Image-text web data
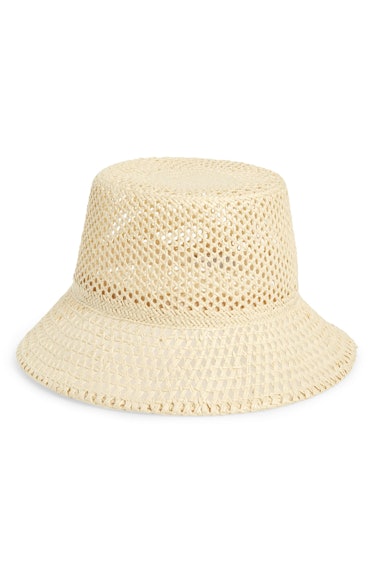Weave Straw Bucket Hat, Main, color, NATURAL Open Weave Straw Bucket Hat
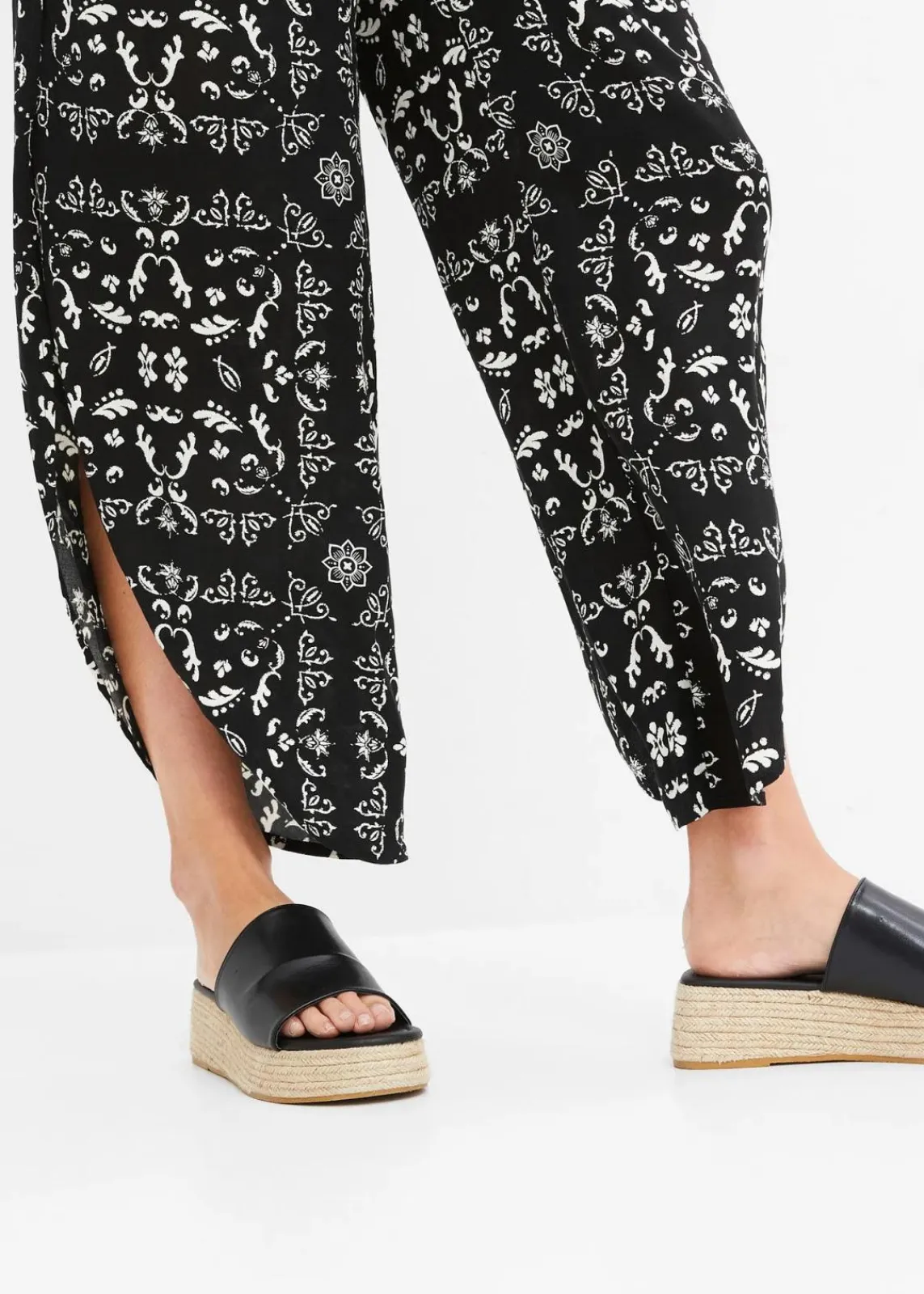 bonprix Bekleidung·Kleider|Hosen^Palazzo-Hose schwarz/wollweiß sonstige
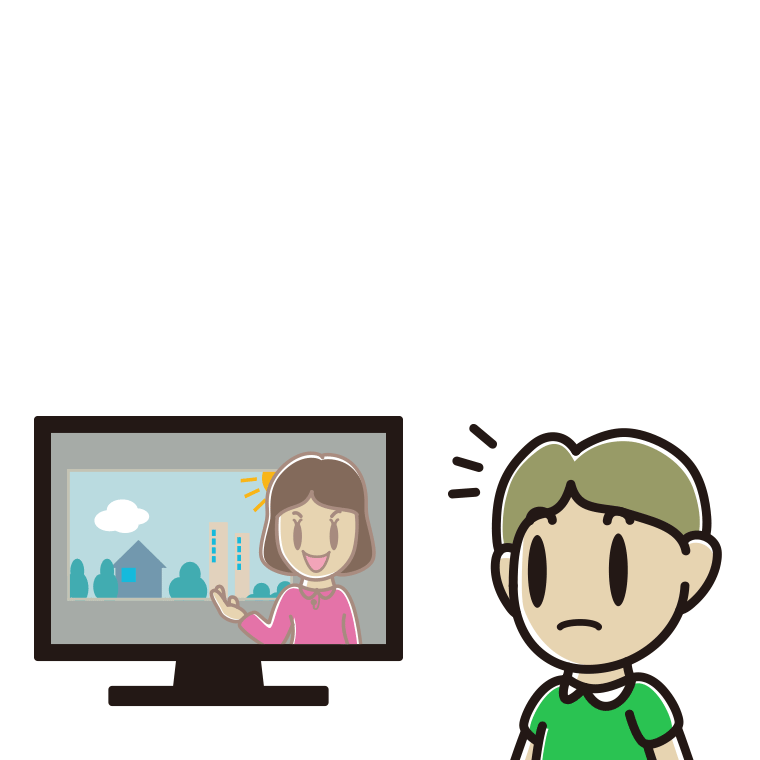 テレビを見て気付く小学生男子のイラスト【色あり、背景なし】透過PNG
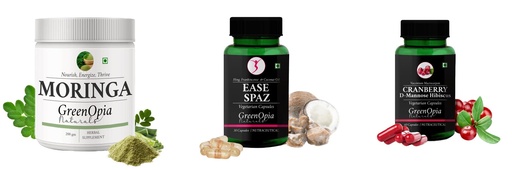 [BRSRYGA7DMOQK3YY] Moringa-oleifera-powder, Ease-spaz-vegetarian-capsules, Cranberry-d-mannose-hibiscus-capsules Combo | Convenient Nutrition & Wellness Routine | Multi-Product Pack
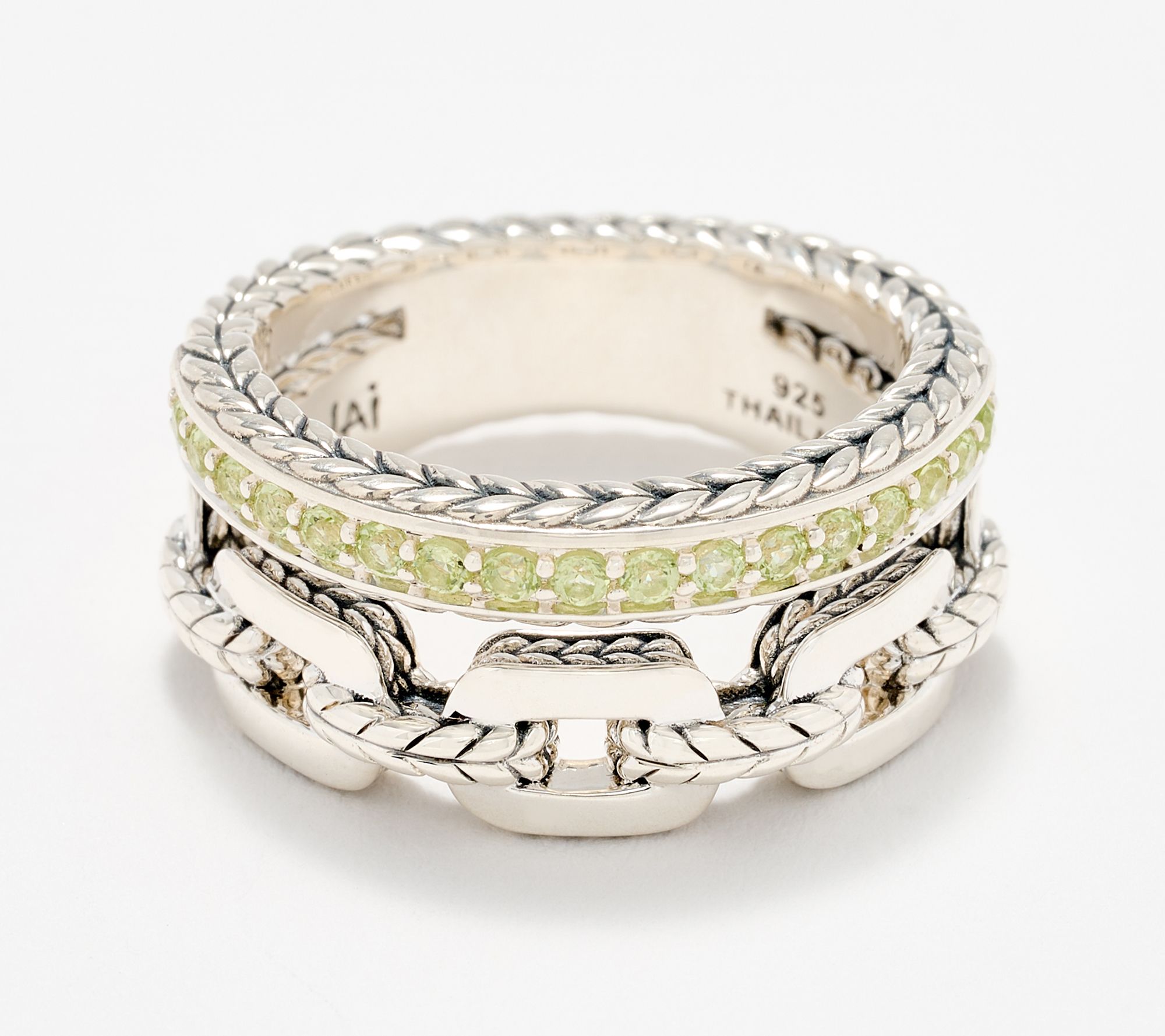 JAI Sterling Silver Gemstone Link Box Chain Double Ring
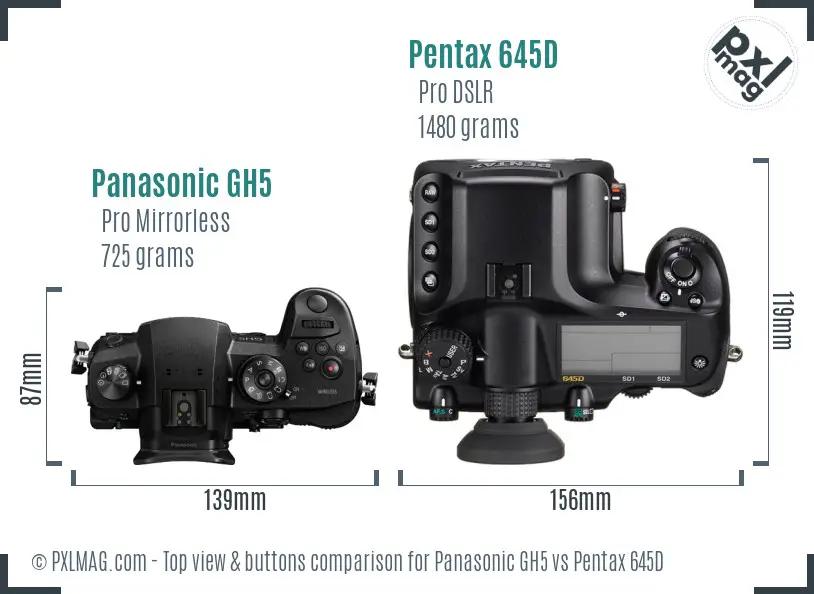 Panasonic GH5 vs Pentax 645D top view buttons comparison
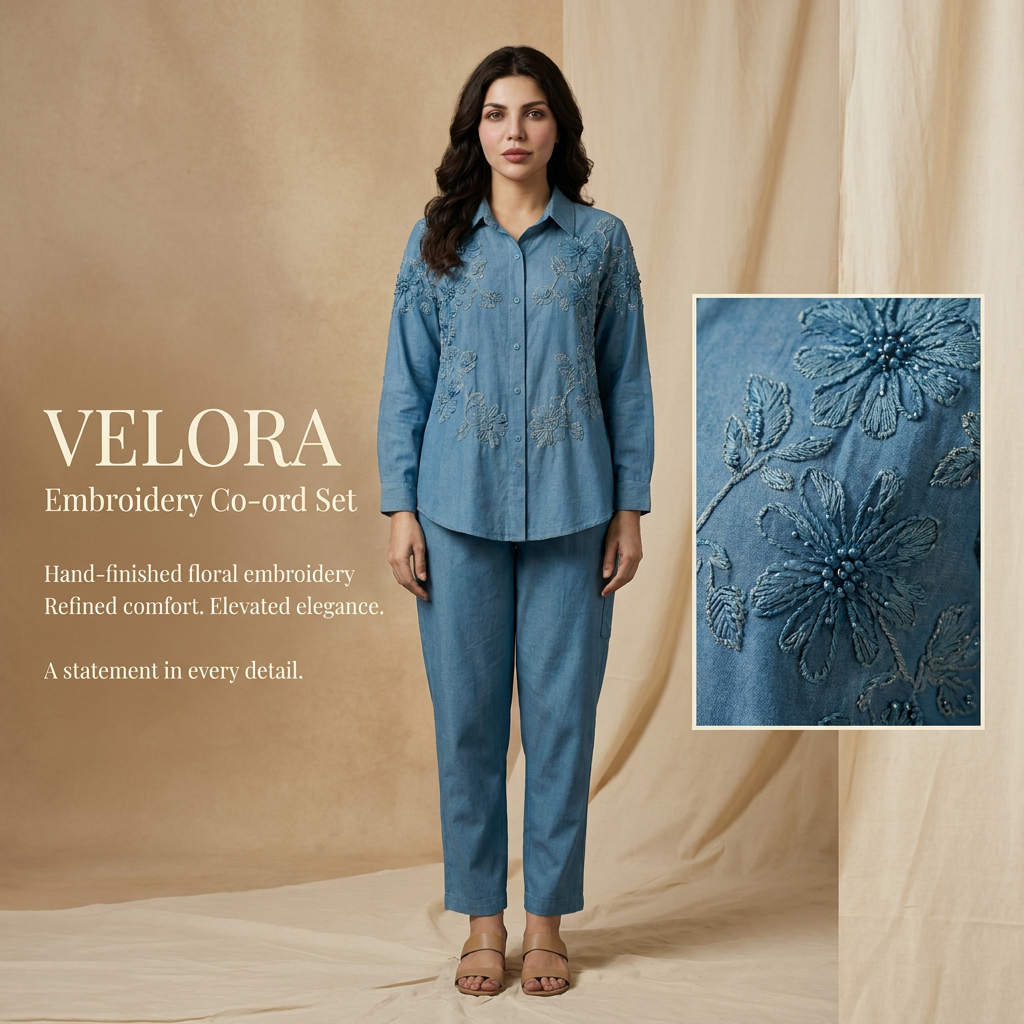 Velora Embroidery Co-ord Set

- INSTRUCTIONS TO FOLLOW: Every entry should be written out word for word, except for its pictures.

- RESULT OF THE TASK:
Weave Straw Bucket Hat, Main, color, NATURAL Open Weave Straw Bucket Hat
 bonprix Bekleidung·Kleider|Hosen^Palazzo-Hose schwarz/wollweiß sonstige
 テレビを見て気付く小学生男子のイラスト【色あり、背景なし】透過PNG
 [BRSRYGA7DMOQK3YY] Moringa-oleifera-powder, Ease-spaz-vegetarian-capsules, Cranberry-d-mannose-hibiscus-capsules Combo | Convenient Nutrition & Wellness Routine | Multi-Product Pack
 JAI Sterling Silver Gemstone Link Box Chain Double Ring
 Panasonic GH5 vs Pentax 645D top view buttons comparison
 Velora Embroidery Co-ord Set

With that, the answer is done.